Each roughly 800-square-foot unit includes the building’s original floor boards and exposed brick walls, granite countertops, stainless steel appliances, shaker cabinets, a large bathroom, an included washer and dryer, a walk-in closet, fluted pillars, wainscoting and crown molding, among other amenities. Each rents for $1,400 per month, and includes all utilities, even cable TV and internet.
“Research indicates the modern professional wants a stable, all-inclusive rental fee,” Smith said.
“Taking unused second-floor spaces in the historic buildings and converting them to modern living spaces is a popular trend throughout the country,” he added.
And more such apartments are on the way.
Smith, who also owns and operates Main Event in downtown Franklin, is in the process of converting that building’s second floor into four more units. He and his fiancee, Lauren Davis, plan to build a total of 12 units along Main Street.
“Each unit will honor the historical aspect of the building they are in, highlighting each building’s unique characteristics and charm,” Smith said. “No cookie-cutters on these high-end units.”
“This would not have been possible a few years ago,” he added. “However, today, the city of Franklin is lucky enough to have great leadership on City Council that recognized upper-floor housing was a vital step to the overall revitalization of downtown Franklin.”
Franklin’s City Council amended its B-2 zoning ordinance to allow mixed-use zoning downtown on June 4, 2015.
Smith also credited Franklin’s Community Development Director Donald Goodwin and Amanda Jarratt, president and CEO of Franklin-Southampton Economic Development Inc., and her team, for their help in making his dream of downtown apartments a reality.
When asked what “sold them” on moving into one of the completed apartments on West First Avenue, one resident who requested anonymity said, “I love the idea of walking to restaurants, shops, comedy shows at Main Event, We Be Jammin,’ the Franklin Cruise-in and other events downtown.” The other cited the all-inclusive monthly rent.
Several downtown business owners and employees also expressed enthusiasm for the idea of upper-floor apartments coming to the city.

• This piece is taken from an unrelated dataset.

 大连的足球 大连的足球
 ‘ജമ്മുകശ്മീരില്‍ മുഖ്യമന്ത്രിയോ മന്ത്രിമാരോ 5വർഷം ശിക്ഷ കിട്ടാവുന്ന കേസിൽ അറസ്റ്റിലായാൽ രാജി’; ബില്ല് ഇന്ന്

“I hope more come,” said Lori Cary, an employee of Aesthetics by Naomi.
“I think it will be great for business,” said Mike Parker, one of the owners of Vintage.
Coldwell Banker realtor Christine Hill said that the second and third stories of that building were just being used for storage, and that the business does not have any other plans for the space. However, she said she thought apartments might be a good way to utilize the space.
Tim Bradshaw, owner of Insercorp and the Bradshaw Building on Main Street, said, “I am in full support of upper-floor housing and am excited about what Mike Smith is doing with his property. I had pushed for downtown to be re-zoned for mixed use to allow upper floor housing since 2008 through grassroots efforts. It was the focus of my agenda during my tenure with the Downtown Franklin Association Board of Directors and the City of Franklin Business Friendly Committee.”
Bradshaw added, “Decades ago, it was a normal thing for people to live above their shop or business, and I would love to see a return to that. I am sure we would see less burglaries if more people lived above or next to businesses. Increasing our residential population will automatically increase the City’s tax revenue and lead to more retail and dining customers by bringing more foot traffic to Main Street.”
As for the Bradshaw Building, which is two stories, Bradshaw said that while he has no plans to convert the upstairs into apartments, the building does have 2,000 square feet of office space available, which he hopes to rent to professionals and small businesses.
One business owner who expressed concern with the idea of apartments downtown was Parker Darden of Parker Darden Heating & A/C. His concern was residents potentially being trapped on the second floors of their respective buildings if the city were to have another flood event like Hurricane Floyd, which caused the Blackwater River to rise to 23.6 feet in 1999.
Smith estimates that the four units on the second floor of Main Event will be complete by Jan. 1, at which time he will turn his attention to 204 and 202 N. Main St.
The first floors of these buildings are occupied by Perfected Praise Worship Center and Jim’s Pawn Shop, respectively.